Terobosan ini diyakini dapat mempercepat adopsi kendaraan listrik secara global, sebab mampu menjawab sejumlah tantangan utama, seperti jarak tempuh yang lebih jauh, kebutuhan pengisian ulang yang lebih jarang, serta peningkatan aspek keselamatan.
Elektrolit Generasi Baru
Riset yang dipublikasikan di jurnal Nature ini dilakukan oleh tim peneliti dari Universitas Tianjin. Mereka memperkenalkan jenis elektrolit baru yang dikembangkan untuk mengatasi kelemahan baterai litium-ion tradisional.
Pada umumnya, elektrolit cair kerap terhambat karena ion membentuk struktur kaku sehingga membatasi kinerja dan stabilitas. Namun, elektrolit hasil rekayasa tim ini memiliki struktur tidak beraturan yang memungkinkan ion bergerak lebih leluasa. Hasilnya, efisiensi baterai meningkat secara signifikan.

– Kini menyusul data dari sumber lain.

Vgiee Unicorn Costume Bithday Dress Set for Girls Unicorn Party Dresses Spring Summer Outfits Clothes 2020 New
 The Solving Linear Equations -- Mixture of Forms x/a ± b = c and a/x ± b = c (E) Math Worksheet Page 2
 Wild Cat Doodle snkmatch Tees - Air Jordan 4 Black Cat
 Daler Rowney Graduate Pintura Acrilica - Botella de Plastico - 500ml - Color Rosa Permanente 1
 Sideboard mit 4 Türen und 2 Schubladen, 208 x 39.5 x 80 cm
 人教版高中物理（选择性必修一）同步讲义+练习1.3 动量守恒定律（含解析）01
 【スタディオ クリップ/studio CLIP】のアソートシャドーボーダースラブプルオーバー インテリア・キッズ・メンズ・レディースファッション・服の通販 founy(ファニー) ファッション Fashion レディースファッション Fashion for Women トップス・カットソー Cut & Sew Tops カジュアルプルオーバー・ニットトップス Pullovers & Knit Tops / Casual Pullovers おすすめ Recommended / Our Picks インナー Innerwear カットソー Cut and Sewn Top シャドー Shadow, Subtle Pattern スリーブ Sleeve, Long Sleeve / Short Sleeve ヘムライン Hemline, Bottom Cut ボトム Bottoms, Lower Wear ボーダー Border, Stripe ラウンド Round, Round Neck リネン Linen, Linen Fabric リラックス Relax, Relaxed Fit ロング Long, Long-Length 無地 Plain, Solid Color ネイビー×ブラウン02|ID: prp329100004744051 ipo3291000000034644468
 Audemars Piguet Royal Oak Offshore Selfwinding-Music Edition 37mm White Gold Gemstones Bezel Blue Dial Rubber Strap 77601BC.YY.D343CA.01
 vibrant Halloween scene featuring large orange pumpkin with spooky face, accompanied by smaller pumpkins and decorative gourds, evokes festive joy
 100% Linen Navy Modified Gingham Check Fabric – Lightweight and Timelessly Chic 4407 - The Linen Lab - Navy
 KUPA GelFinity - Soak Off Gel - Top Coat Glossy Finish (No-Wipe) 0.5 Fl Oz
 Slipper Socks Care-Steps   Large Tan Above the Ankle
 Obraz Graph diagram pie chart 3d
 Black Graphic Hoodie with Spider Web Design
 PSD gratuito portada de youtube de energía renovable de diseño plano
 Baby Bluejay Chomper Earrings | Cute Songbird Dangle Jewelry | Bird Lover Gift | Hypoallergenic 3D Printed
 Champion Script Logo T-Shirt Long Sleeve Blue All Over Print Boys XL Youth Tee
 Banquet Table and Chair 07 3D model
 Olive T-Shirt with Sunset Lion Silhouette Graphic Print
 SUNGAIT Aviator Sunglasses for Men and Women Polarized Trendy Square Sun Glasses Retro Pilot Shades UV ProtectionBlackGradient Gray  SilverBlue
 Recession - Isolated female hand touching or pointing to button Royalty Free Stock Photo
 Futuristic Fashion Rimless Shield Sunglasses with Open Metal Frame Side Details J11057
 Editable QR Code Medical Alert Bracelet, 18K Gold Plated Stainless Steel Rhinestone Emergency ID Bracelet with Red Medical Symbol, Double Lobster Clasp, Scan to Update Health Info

Dalam pengujian laboratorium, prototipe baterai mampu mencapai 604,2 Wh/kg dan tetap stabil setelah digunakan lebih dari 100 kali siklus pengisian. Selain itu, baterai ini terbukti tahan terhadap kondisi ekstrem: tetap berfungsi pada suhu -60°C tanpa membeku dan memiliki ketahanan tinggi terhadap api.
Tantangan Produksi Massal
Meski menjanjikan, para ahli menekankan bahwa teknologi ini masih berada pada tahap awal sebagai bukti konsep. Uji coba di dunia nyata, khususnya dalam kondisi penggunaan kendaraan sehari-hari, masih harus dilakukan. Selain itu, proses produksi massal diperkirakan akan menjadi rintangan besar.
Verifikasi independen juga sangat dibutuhkan untuk memastikan kinerja serta keamanan baterai tersebut di luar laboratorium yang terkendali.
Lebih dari Sekadar Kendaraan Listrik
Jika penelitian ini berhasil dikomersialkan, dampaknya diyakini akan meluas tidak hanya untuk kendaraan listrik. Baterai baru ini bisa diaplikasikan pada perangkat elektronik konsumen, penyimpanan energi di jaringan listrik berbasis energi terbarukan, hingga mendorong percepatan transisi menuju teknologi ramah lingkungan.
Para peneliti optimistis bahwa baterai dengan bobot lebih ringan, umur pakai lebih panjang, serta tingkat keamanan lebih tinggi dapat menjadi titik balik dalam revolusi energi global.(BY)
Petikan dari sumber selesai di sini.